異例の盛り上がり「VIVANT」裏方の圧倒的存在感 原作・演出を務める福澤克雄氏はどんな人?
バラエティでは、元テレビ東京の佐久間宣行氏(現フリープロデューサー、演出家)が自身の個性を反映した番組や映画作り、イベント化によるマネタイズなどで実績を作っており、現在はテレビ界を飛び出してメディアで幅広く活躍している。
ドラマでは映画を手がけるテレビ局員こそ多くいるが、ここまで全面的に制作を担う、突き抜けたアイコン的な存在はいなかった。そこに福澤氏が風穴をあけたことは、この先のドラマ界にとって大きな意義があるだろう。
それができたのも、もちろん福澤氏のこれまでの実績があってこそ。TBSは好きにやらせることのリスクよりも、それがヒットし大きなリターンを得ることを確信していた部分もあるだろう。
実際にそれが見事に当たった。数々の伏線をちりばめ、視聴者がドラマの考察を楽しむ、新たな視聴者参加型のテレビドラマフォーマットの成功事例を作り上げることができた。また、本作は福澤氏にとっても、今まで以上に知名度を高めるきっかけの1つになったのではないだろうか。
福澤氏の今後はどうなるのか
今回のヒットから、福澤氏は『VIVANT』の映画化を含めたシリーズ構想を練っているとの報道もある。

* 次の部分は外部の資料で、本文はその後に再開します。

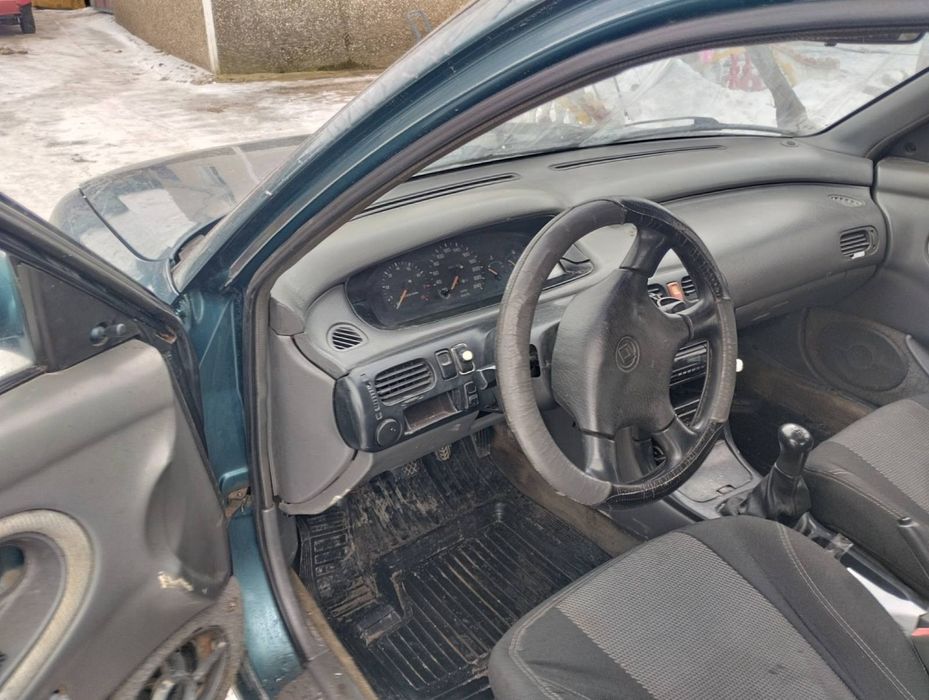 Продам Мазду 626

そうしたなか注目されるのは、福澤氏のTBS退職後の活動だ。これまでのようなテレビドラマ、テレビ局制作の大規模映画という枠にとらわれない、幅広いジャンルやカテゴリーの映像作品への参入と、これまでの知見を活かしたそこからの新たなヒット創出が期待される。

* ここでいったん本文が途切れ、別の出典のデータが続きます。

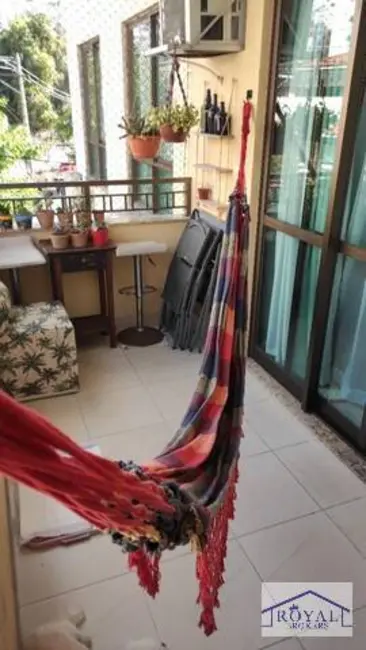 Foto 5 de Apartamento com 2 quartos à venda, 75m2 em Santa Rosa, Niteroi - RJ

現在の日本映画界には、是枝裕和監督や濱口竜介監督、黒沢清監督など世界的な評価が高い監督は多い。一方で世界から注目を集めても、制作予算の限られた作品の場合は、日本では大きくヒットしない構造がある。
今年の興行では、「第76回カンヌ国際映画祭」で脚本賞を受賞した『怪物』(是枝裕和監督・坂元裕二氏による脚本)は興収20億円ほどだが、TBS日曜劇場の映画化となる『劇場版 TOKYO MER~走る緊急救命室~』は45億円ほどになっている。